Where the string "image" appears in a line of the data, show that line.
§
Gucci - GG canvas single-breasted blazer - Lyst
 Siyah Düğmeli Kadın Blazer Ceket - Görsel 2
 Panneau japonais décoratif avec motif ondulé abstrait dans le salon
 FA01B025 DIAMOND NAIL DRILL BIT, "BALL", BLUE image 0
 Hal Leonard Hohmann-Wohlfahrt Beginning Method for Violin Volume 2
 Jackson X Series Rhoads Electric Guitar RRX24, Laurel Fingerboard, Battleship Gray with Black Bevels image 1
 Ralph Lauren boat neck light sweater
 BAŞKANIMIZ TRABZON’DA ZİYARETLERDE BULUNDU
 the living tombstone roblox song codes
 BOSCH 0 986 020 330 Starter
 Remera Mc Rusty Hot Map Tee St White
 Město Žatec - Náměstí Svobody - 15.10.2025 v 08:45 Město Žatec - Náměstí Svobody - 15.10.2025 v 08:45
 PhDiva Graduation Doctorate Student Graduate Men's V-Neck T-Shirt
§
Output for this task:
 FA01B025 DIAMOND NAIL DRILL BIT, "BALL", BLUE image 0
 Jackson X Series Rhoads Electric Guitar RRX24, Laurel Fingerboard, Battleship Gray with Black Bevels image 1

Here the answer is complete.